• Provided material
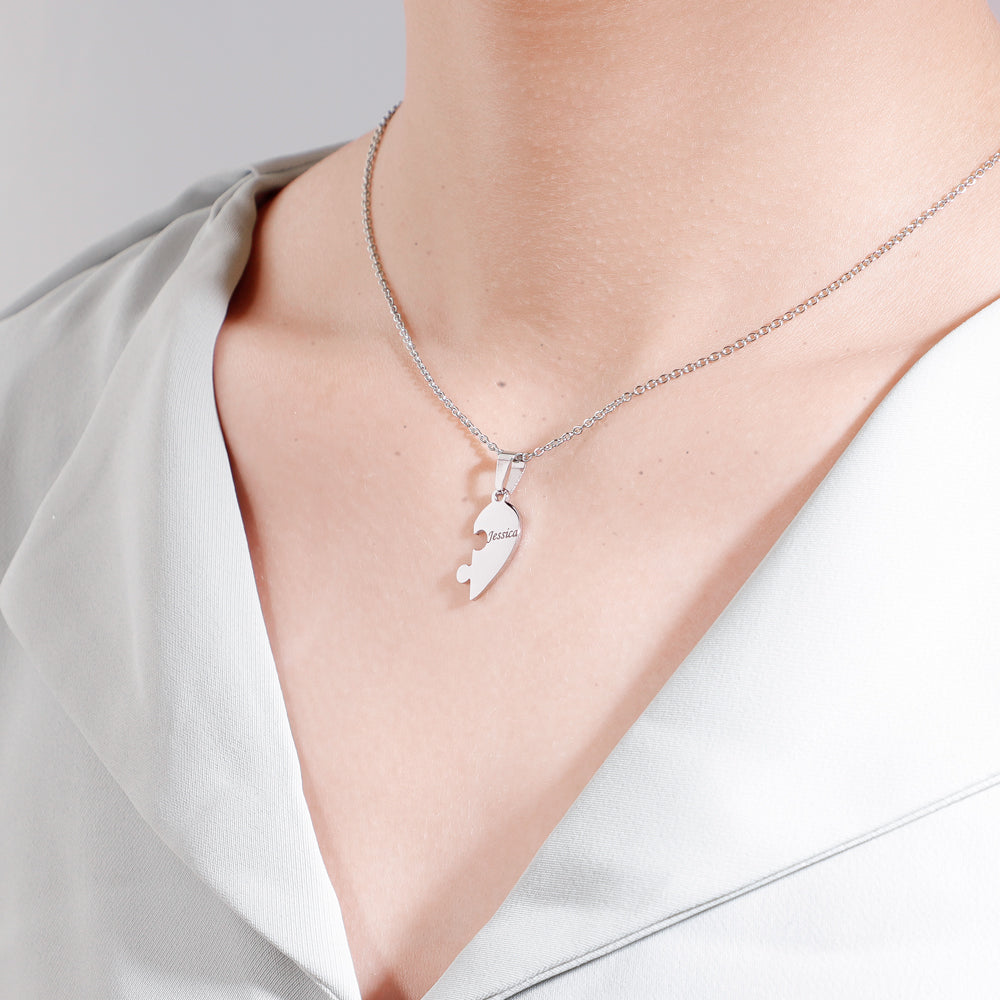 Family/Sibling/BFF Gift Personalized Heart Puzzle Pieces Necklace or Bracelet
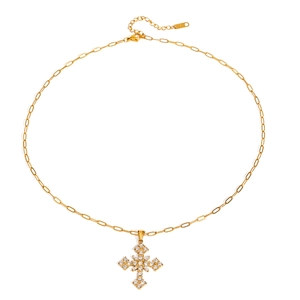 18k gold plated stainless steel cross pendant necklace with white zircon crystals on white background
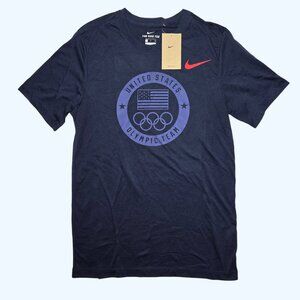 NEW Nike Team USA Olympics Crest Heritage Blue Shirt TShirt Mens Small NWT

• What you will do
Leave out every picture and write out exactly the lines running from the line containing "18k gold plated" to the end of the listing above.

• Exercise output
 18k gold plated stainless steel cross pendant necklace with white zircon crystals on white background
 NEW Nike Team USA Olympics Crest Heritage Blue Shirt TShirt Mens Small NWT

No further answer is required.